What this task involves: Write out exactly the lines below that run from the line containing "larouche il avertizeaza" through the last line of the records.

****************************************

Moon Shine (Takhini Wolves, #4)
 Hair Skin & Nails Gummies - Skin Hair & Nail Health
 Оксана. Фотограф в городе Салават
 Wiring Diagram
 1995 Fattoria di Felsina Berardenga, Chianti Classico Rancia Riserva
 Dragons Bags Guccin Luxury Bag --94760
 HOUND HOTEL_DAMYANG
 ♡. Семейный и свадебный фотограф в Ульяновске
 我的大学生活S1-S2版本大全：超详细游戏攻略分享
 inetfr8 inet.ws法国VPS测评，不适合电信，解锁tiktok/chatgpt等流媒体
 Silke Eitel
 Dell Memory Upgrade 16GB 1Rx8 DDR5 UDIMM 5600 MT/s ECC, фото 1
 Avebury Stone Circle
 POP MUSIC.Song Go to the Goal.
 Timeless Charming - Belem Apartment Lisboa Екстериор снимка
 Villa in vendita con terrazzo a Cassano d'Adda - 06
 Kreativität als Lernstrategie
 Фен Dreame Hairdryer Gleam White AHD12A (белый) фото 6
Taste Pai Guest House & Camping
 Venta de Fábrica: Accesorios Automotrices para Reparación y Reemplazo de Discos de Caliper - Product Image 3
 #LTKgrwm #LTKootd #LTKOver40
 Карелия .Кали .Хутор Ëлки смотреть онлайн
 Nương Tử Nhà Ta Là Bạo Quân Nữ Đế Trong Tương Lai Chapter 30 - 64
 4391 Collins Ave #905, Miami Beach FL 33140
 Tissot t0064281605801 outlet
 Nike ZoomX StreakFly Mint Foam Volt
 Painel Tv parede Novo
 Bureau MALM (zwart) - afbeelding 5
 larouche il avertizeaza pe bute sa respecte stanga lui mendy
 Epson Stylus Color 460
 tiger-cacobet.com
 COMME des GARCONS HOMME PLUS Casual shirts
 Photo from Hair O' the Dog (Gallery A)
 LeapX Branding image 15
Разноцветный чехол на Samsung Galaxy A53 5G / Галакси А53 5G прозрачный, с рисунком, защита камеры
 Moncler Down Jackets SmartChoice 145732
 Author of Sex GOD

****************************************

Answer for the task:
 larouche il avertizeaza pe bute sa respecte stanga lui mendy
 Epson Stylus Color 460
 tiger-cacobet.com
 COMME des GARCONS HOMME PLUS Casual shirts
 Photo from Hair O' the Dog (Gallery A)
 LeapX Branding image 15
Разноцветный чехол на Samsung Galaxy A53 5G / Галакси А53 5G прозрачный, с рисунком, защита камеры
 Moncler Down Jackets SmartChoice 145732
 Author of Sex GOD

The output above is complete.